Answer: the new column called Green Living. It’ll have much in common with the Green Scene blog I’ve been writing for a year and a half on c-ville.com, but Green Living will be most at home in the print version of C-VILLE Weekly. Consider this page a coming-out party, with many a memorable occasion yet to come.
Green Living will focus on my own efforts to live more sustainably. I’m no eco-hero—there’s not one solar panel at my house, and I drive to work—but my husband and I do our best to cut down on waste and to shop local. We’re especially interested in the local food dimension of green living: gardening, buying from nearby farmers and eating seasonally.
None of this stuff is simple, and we’re always learning. We thought we’d mastered the winter garden, for example—thus providing ourselves with fresh salads in January—until we were stymied by this year’s weather. Luckily, the eat-local movement is so vibrant around here that we never lack for good food, or for people to answer our questions. We’ve tried our hands at tomato canning, seed saving and pepper drying, motivated as much by thrift and the desire for self-sufficiency as we are by our wariness of conventional agriculture.
I think those feelings are widespread right now. I know that through the blog, I’ve often heard from readers who share our interests. In February, I wrote about a neighbor who’d started a sort of hen-keeping co-op, with friends pitching in on chicken care one day a week in exchange for eggs. That post brought some enthusiastic comments, including this one from Pat Foreman:
“The Declaration of Local Foods Rights. We hold these truths to be self-evident, that all people have certain unalienable Rights, that among these are Life, Liberty and the right to grow one’s food in their backyards—including a family flock of chickens!”
And it’s been good to share with readers the struggles and pitfalls of green living: the challenge of finding a shower curtain that doesn’t off-gas, comes from a locally owned store and is affordable, for example. (Short version: I failed and went to Target.) Then there’s my strange little habit of saving food scraps at work and schlepping them home to compost, which is certainly green but makes me feel a little embarrassed. To that, Jason Halbert added this note of encouragement:
“Good on ya! I’ve been hauling group compost from my workplace (coffee grounds, fruit peels mostly) for years. Keeps the fruit flies and odors out of our trash and helps my garden grow. And don’t apologize for eating an orange.”

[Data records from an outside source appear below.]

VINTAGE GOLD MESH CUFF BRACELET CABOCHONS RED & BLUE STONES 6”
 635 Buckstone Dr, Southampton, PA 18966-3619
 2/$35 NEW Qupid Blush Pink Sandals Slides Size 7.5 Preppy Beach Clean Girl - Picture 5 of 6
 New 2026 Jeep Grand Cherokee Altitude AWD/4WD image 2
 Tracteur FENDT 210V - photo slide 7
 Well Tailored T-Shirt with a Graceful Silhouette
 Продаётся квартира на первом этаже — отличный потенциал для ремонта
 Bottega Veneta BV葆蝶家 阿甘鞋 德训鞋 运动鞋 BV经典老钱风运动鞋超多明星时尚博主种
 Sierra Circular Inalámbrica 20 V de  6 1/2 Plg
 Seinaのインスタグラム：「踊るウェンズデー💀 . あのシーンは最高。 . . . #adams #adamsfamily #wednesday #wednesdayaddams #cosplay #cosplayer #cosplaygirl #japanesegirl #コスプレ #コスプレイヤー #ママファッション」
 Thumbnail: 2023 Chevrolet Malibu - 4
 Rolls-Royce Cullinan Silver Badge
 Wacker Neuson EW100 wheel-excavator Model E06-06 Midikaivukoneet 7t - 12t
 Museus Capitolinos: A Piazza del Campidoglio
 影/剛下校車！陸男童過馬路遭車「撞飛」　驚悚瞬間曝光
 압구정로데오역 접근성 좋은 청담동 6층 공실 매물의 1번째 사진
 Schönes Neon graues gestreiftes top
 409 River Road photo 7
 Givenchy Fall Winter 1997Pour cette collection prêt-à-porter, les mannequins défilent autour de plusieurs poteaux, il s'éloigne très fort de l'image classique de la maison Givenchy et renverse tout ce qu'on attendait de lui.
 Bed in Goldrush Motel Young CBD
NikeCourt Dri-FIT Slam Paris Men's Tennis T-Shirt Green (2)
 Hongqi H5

When I asked folks for suggestions on recycling old running shoes, I got a couple of great tips—and so, by extension, did my readers. More broadly, I’ve heard from people about their feelings on mountaintop removal, walkability in Albemarle County and whether wind turbines spoil the view. It’s been a fun, eye-opening and occasionally contentious exchange, and it’s kept me thinking about the issues even as I keep plugging away with the compost pile and the canvas shopping bags.
I hope you’ll jump into the conversation by reading, commenting, and writing e-mails. Look for the next Green Living column in the April 13 issue of C-VILLE Weekly, check out the blog on c-ville.com, and be in touch!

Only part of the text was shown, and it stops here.